The Na+-pumping NADH-ubiquinone oxidoreductase (Na+-NQR) couples electron transfer from NADH to ubiquinone with Na+-pumping, generating an electrochemical Na+ gradient that is essential for energy-consuming reactions in bacteria. Since Na+-NQR is exclusively found in prokaryotes, it is a promising target for highly selective antibiotics. However, the molecular mechanism of inhibition is not well-understood for lack of the atomic structural information about an inhibitor-bound state. Here we present cryo-electron microscopy structures of Na+-NQR from Vibrio cholerae with or without a bound inhibitor at 2.5- to 3.1-Å resolution. The structures reveal the arrangement of all six redox cofactors including a herein identified 2Fe-2S cluster located between the NqrD and NqrE subunits. A large part of the hydrophilic NqrF is barely visible in the density map, suggesting a high degree of flexibility.

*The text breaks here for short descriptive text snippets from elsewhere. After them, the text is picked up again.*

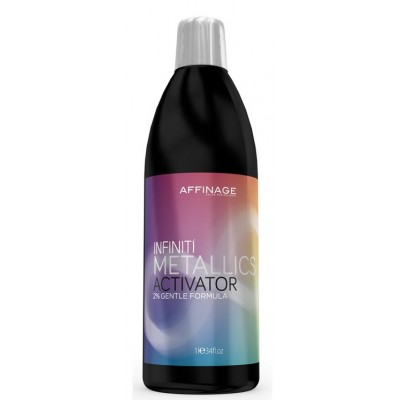 CREME 2% METALLICS ACTIVATOR, 1000 ML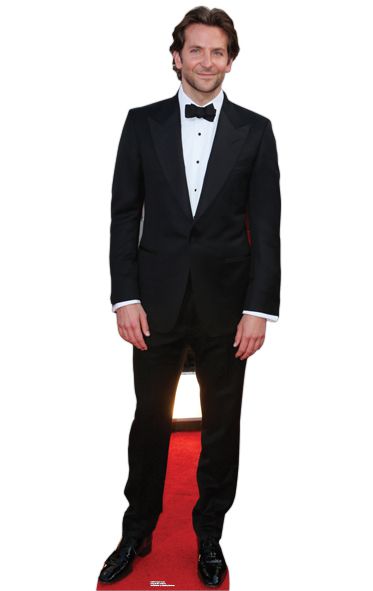 Click to view product details and reviews for Bradley Cooper Lifesize Cardboard Cutout 189m.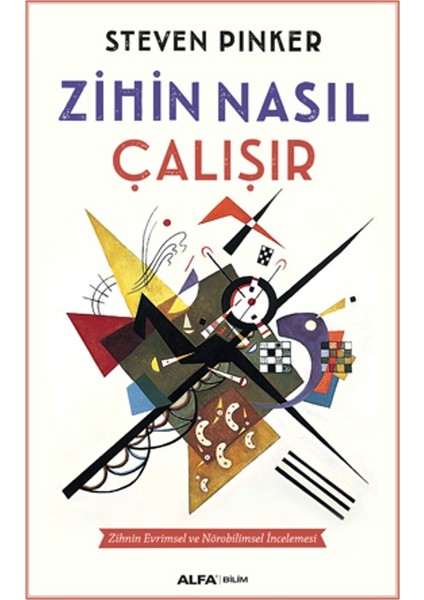 Zihin Nasıl Çalışır - Steven Pinker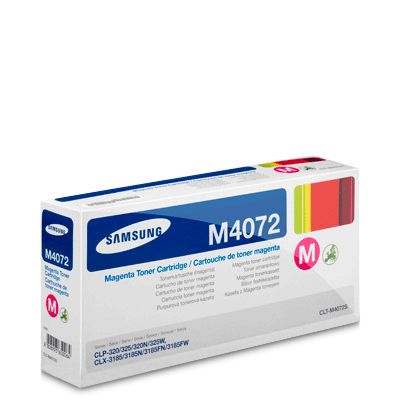 Samsung Toner 'M4072' magenta 1.000 Seiten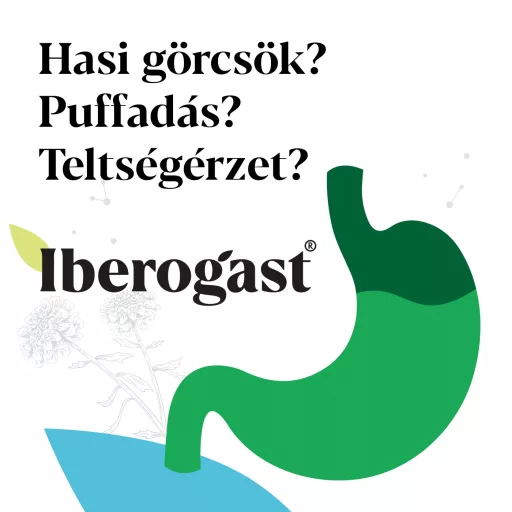 Iberogast Nonaherba oldatos cseppek 100 ml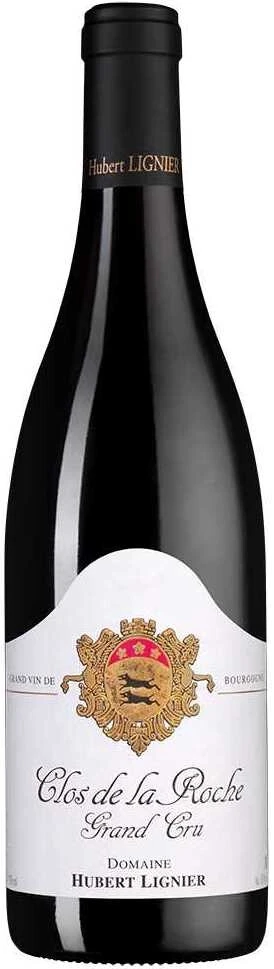 Вино Hubert Lignier, Clos de la Roche Grand Cru, 2019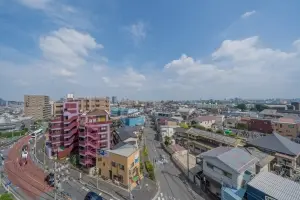 オープンスクエア川口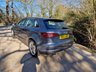 USED 2016 16 AUDI A3 1.4 TFSI Sport Sportback 5dr Petrol S Tronic Euro 6 (s/s) (Nav) (125 ps) 8.9% APR FINANCE RATES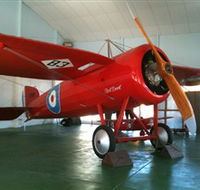 Captain Harry Butler Red Devil Monoplane Memorial - Tourism Search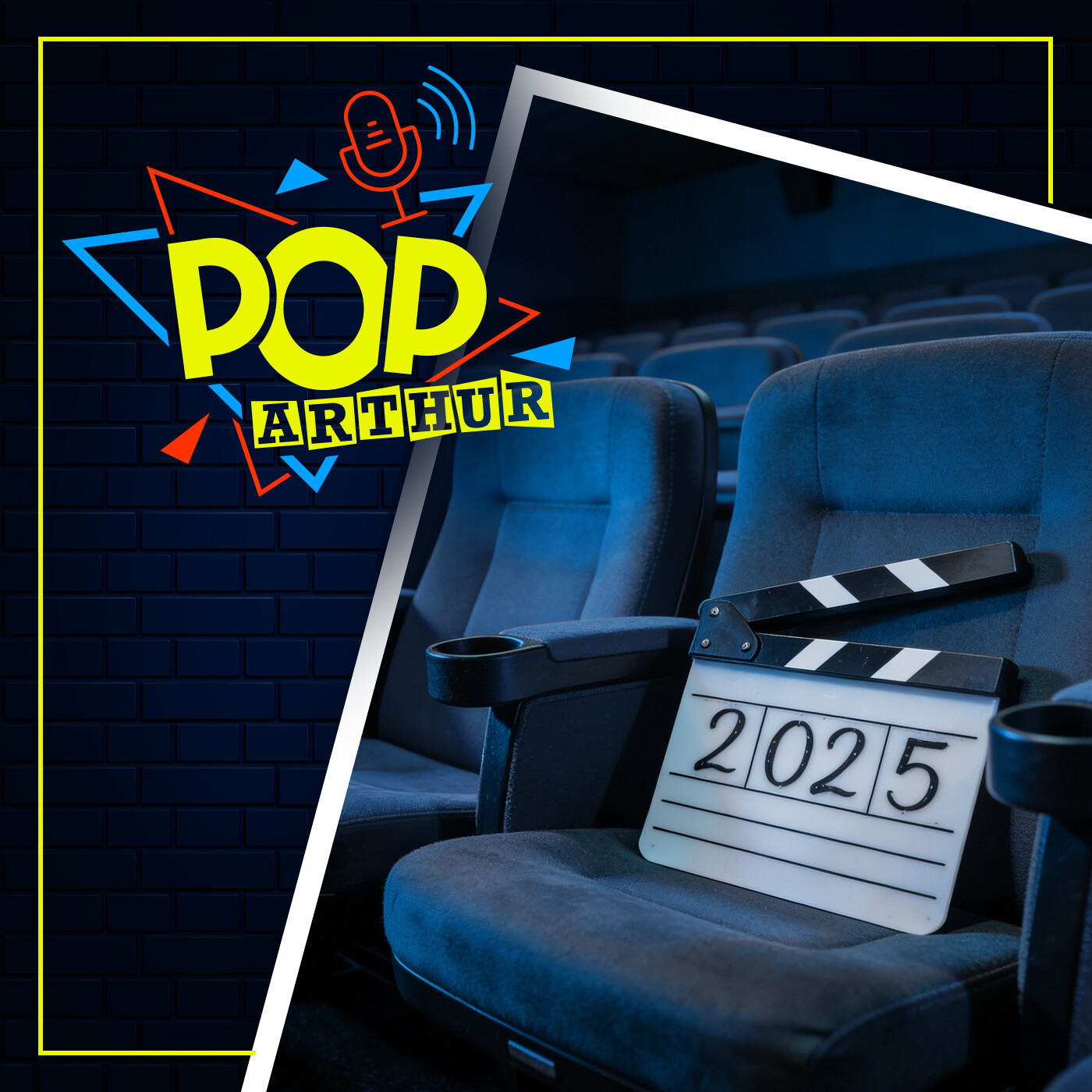 Pop Arthur #67 - Bilan 2025 (feat. Thomas Deseur & Parlons Péloches)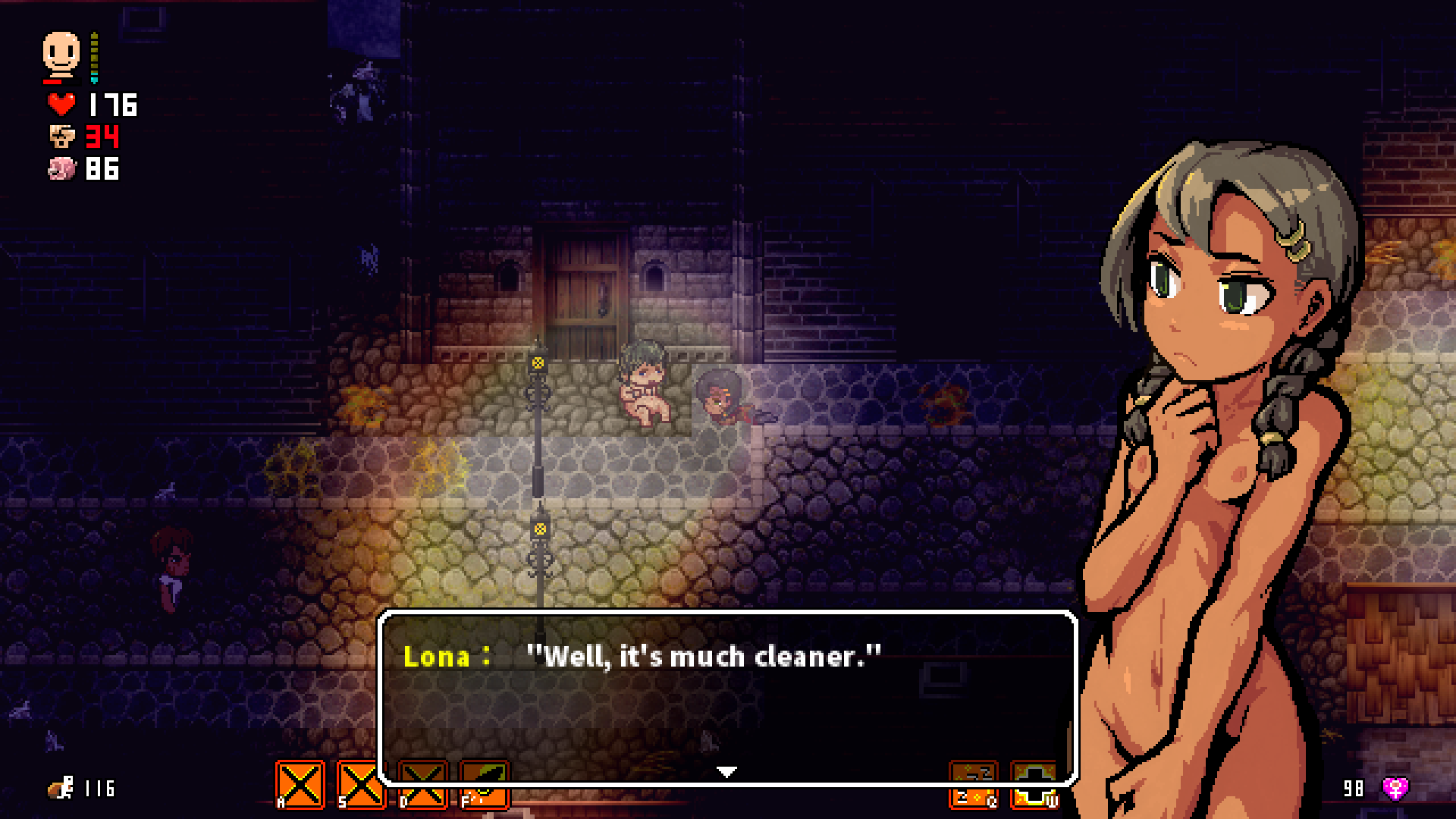 LonaRPG Beta Ver0.7.1.0  [官方繁中] 【PC0901】 游戏截图 1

This flexibility may be responsible to reducing the long distance between the 2Fe-2S centers in NqrF and NqrD/E. Two different types of specific inhibitors bind to the N-terminal region of NqrB, which is disordered in the absence of inhibitors. The present study provides a foundation for understanding the function of Na+-NQR and the binding manner of specific inhibitors.

Suggested Citation

  • Jun-ichi Kishikawa & Moe Ishikawa & Takahiro Masuya & Masatoshi Murai & Yuki Kitazumi & Nicole L. Butler & Takayuki Kato & Blanca Barquera & Hideto Miyoshi, 2022. "Cryo-EM structures of Na+-pumping NADH-ubiquinone oxidoreductase from Vibrio cholerae," Nature Communications, Nature, vol. 13(1), pages 1-11, December.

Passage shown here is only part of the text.